Lagrange's equations are a system of *n* second-order ordinary
differential equations in the time, the generalized coordinates, the
generalized velocities, and the generalized accelerations.
Trajectories are determined by the coordinates and the velocities
at a moment.

Hamilton's equations specify the dynamics as a system of first-order ordinary differential equations in the time, the generalized coordinates, and the conjugate momenta. Phase-space trajectories are determined by an initial point in phase space at a moment.

The Hamiltonian formulation and the Lagrangian formulation are equivalent in that equivalent initial conditions produce the same configuration path.

If there is a symmetry of the problem that is naturally expressed as a cyclic coordinate, then the conjugate momentum is conserved. In the Hamiltonian formulation, such a symmetry naturally results in the reduction of the dimension of the phase space of the difficult part of the problem. If there are enough symmetries, then the problem of determining the time evolution may be reduced to evaluation of definite integrals (reduced to quadratures).

Systems without enough symmetries to be reducible to quadratures may be effectively studied with the surface of section technique. This is particularly advantageous in systems for which the reduced problem has two degrees of freedom or has one degree of freedom with explicit periodic time dependence.

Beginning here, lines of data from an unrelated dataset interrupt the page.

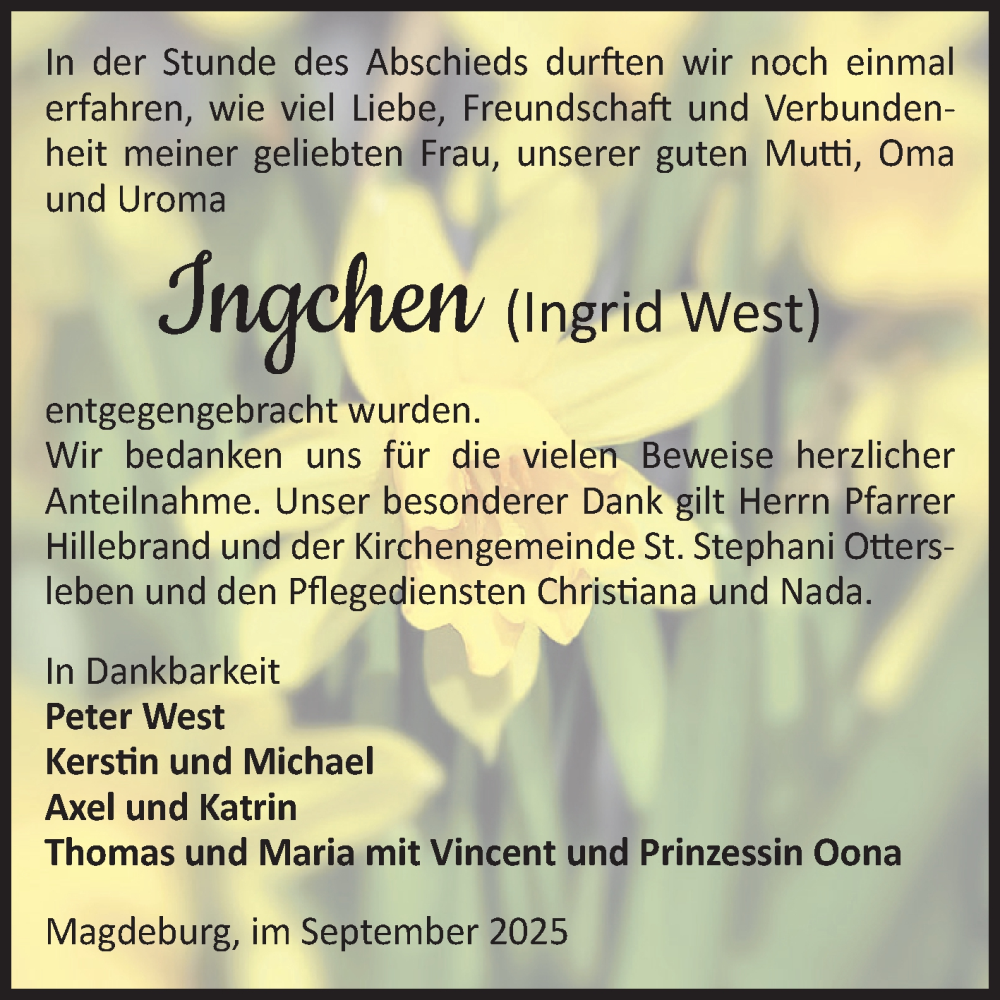  Traueranzeige für Ingrid West vom 04.10.2025 aus Volksstimme Magdeburg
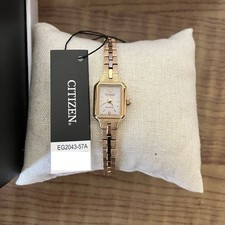 CITIZEN Kii: EG2043-57A Gold Eco Drive Solar Women's Watch New in Box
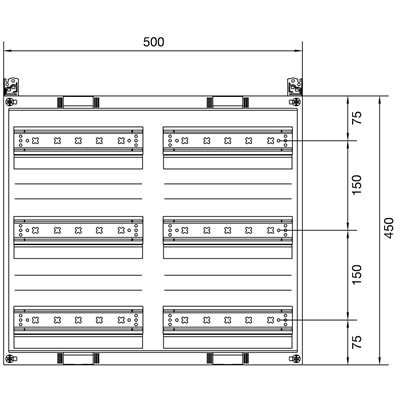 UNIVERS N HC Kit pour la construction d'équipements modulaires 6x12PLE 450x500mm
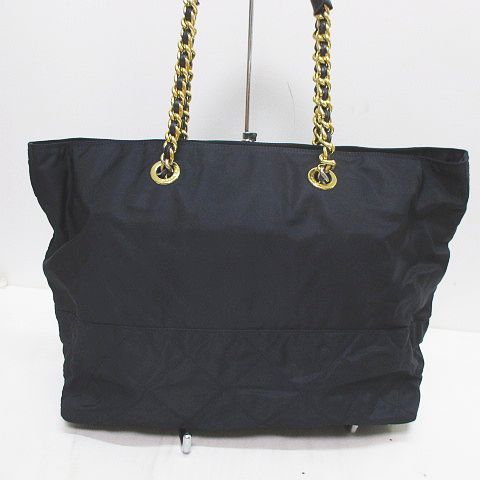 プラダ PRADA トートバッグ チェーン キルティング ネイビー 紺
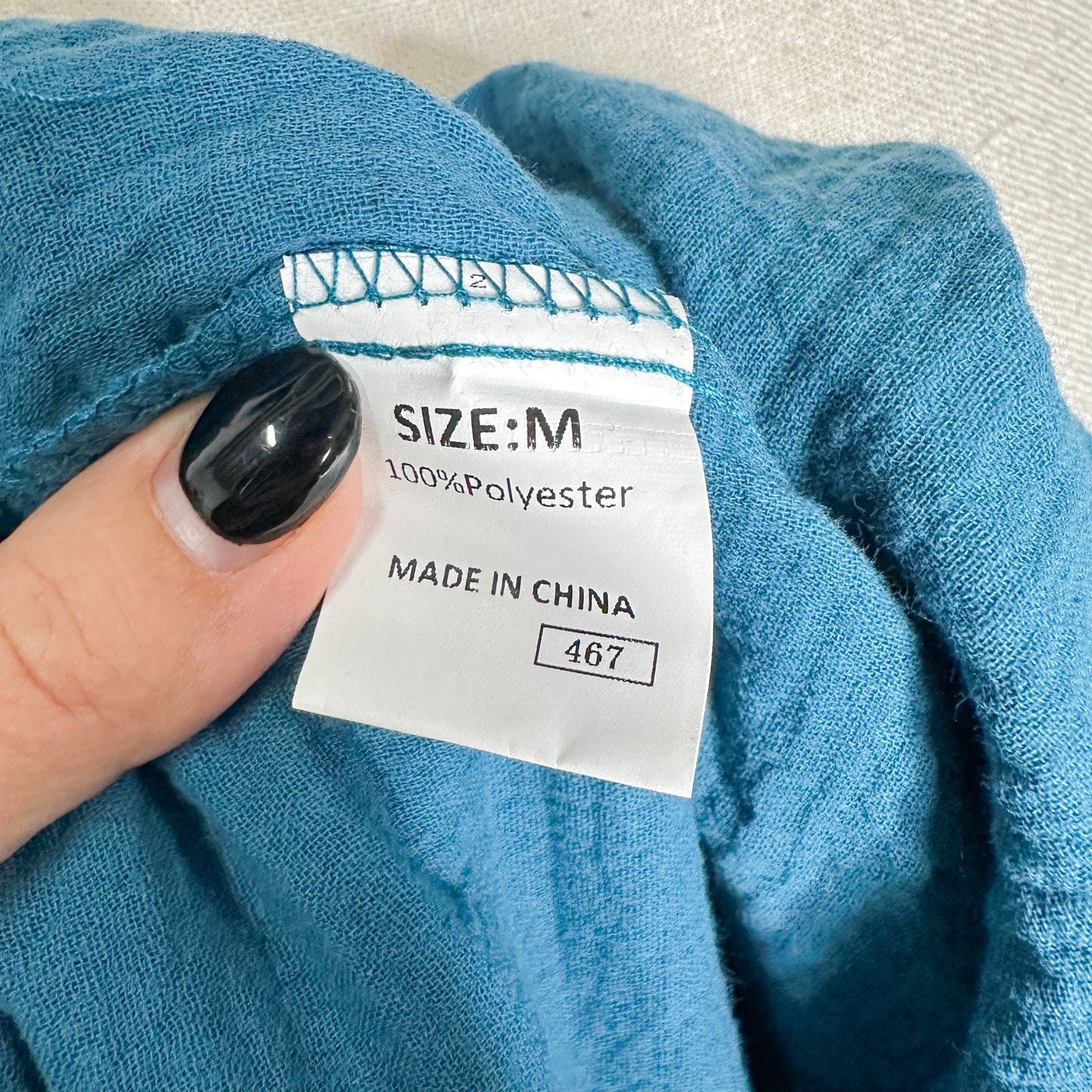 Herseas Teal Button Down Dress Coverup (M)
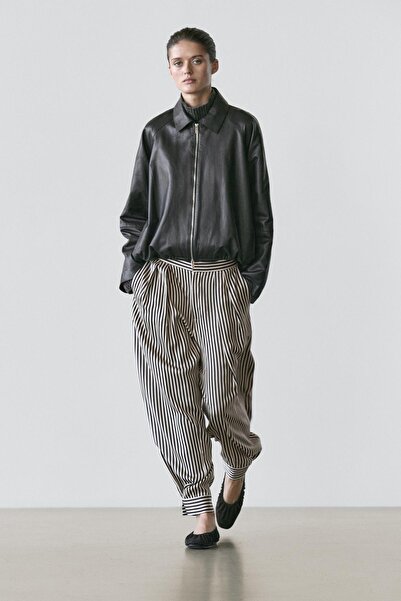 Massimo Dutti Çizgili pensli şalvar pantolon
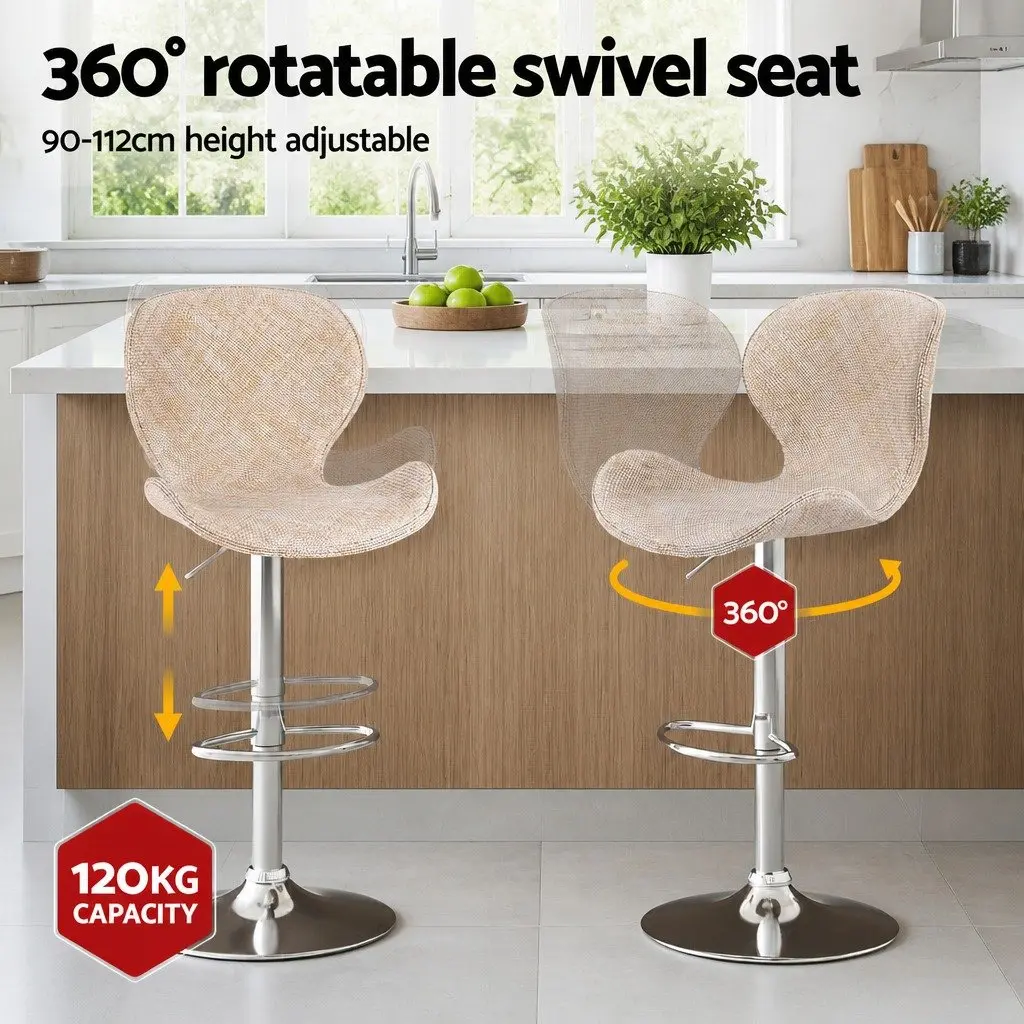 Bar Stools Set of 4 Swivel Gas Lift Counter Chair Wing Rattan Beige Kitchen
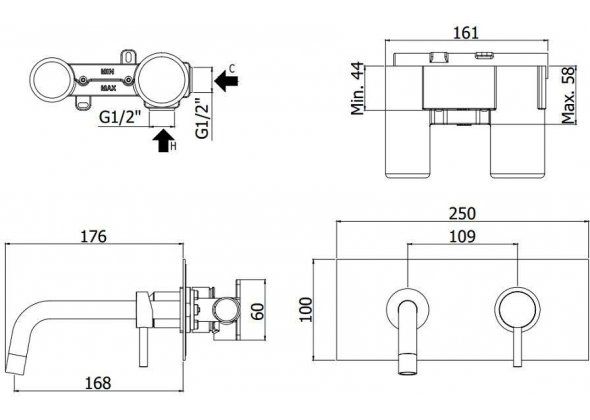 Смеситель для раковины Paffoni Light LIG101HGSP/M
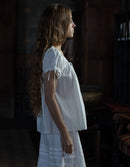 "Cosima" white top with short sleeves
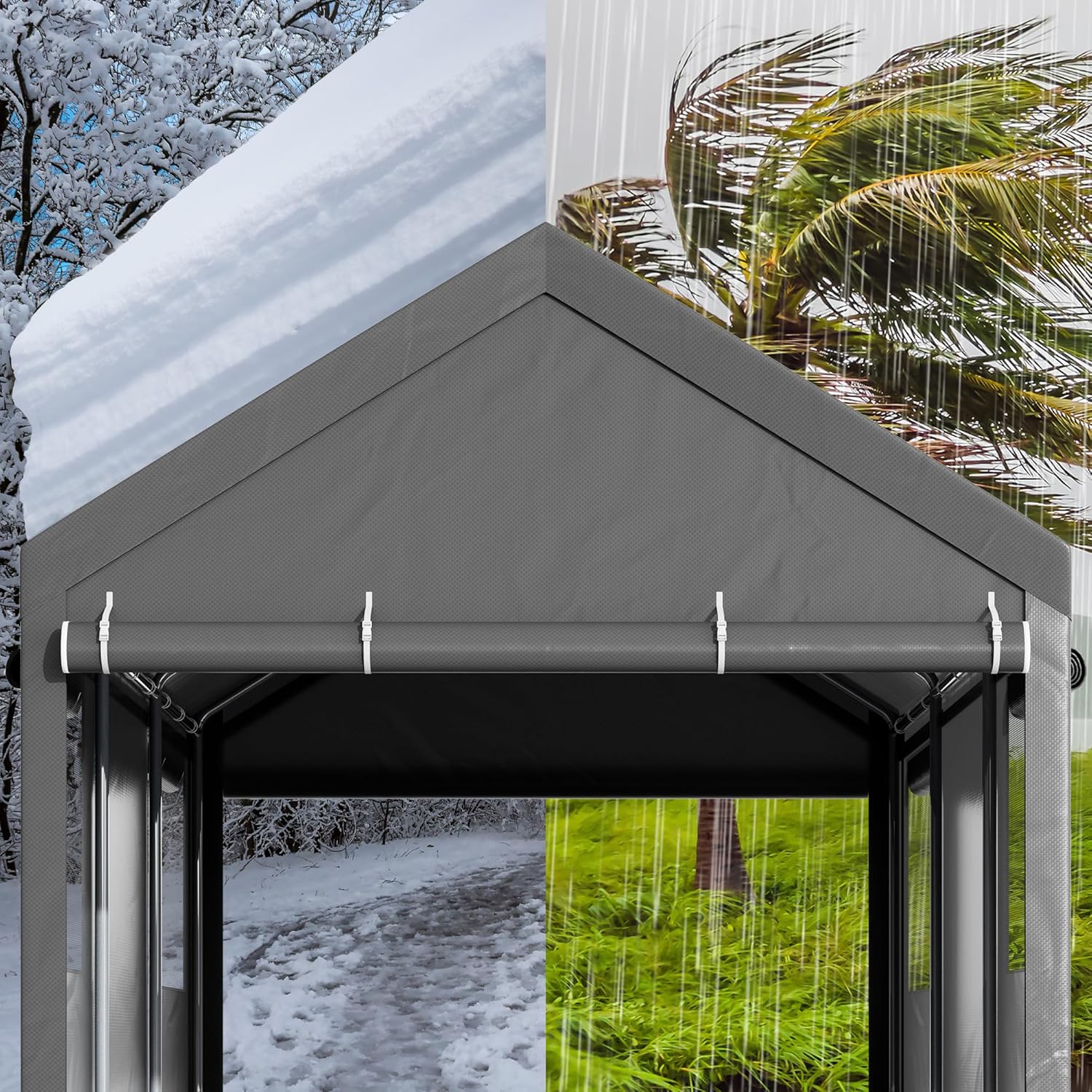 Carport 12x20 ft Heavy Duty Carport Canopy with Roll-up Windows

Surfaces of section reveal tremendous structure in the phase space. There are chaotic zones and islands of regular behavior. There are interesting transitions as parameters are varied between mostly regular motion and mostly chaotic motion.

Chaotic trajectories exhibit sensitive dependence on initial conditions, separating exponentially from nearby trajectories. Regular trajectories do not show such sensitivity. Curiously, chaotic trajectories are distinguished both by the dimension of the space they explore and by their exponential divergence.

The time evolution of a 2*n*-dimensional region in phase space
preserves the volume. Hamiltonian flow is ``incompressible'' flow of
the ``phase fluid.''

Surfaces of section for two-degree-of-freedom systems and for periodically driven one-degree-of-freedom systems are area preserving. Abstract area-preserving maps of a phase plane onto itself show the same division of the phase space into chaotic and regular regions as surfaces of section generated by dynamical systems. They also show transitions to large-scale chaos.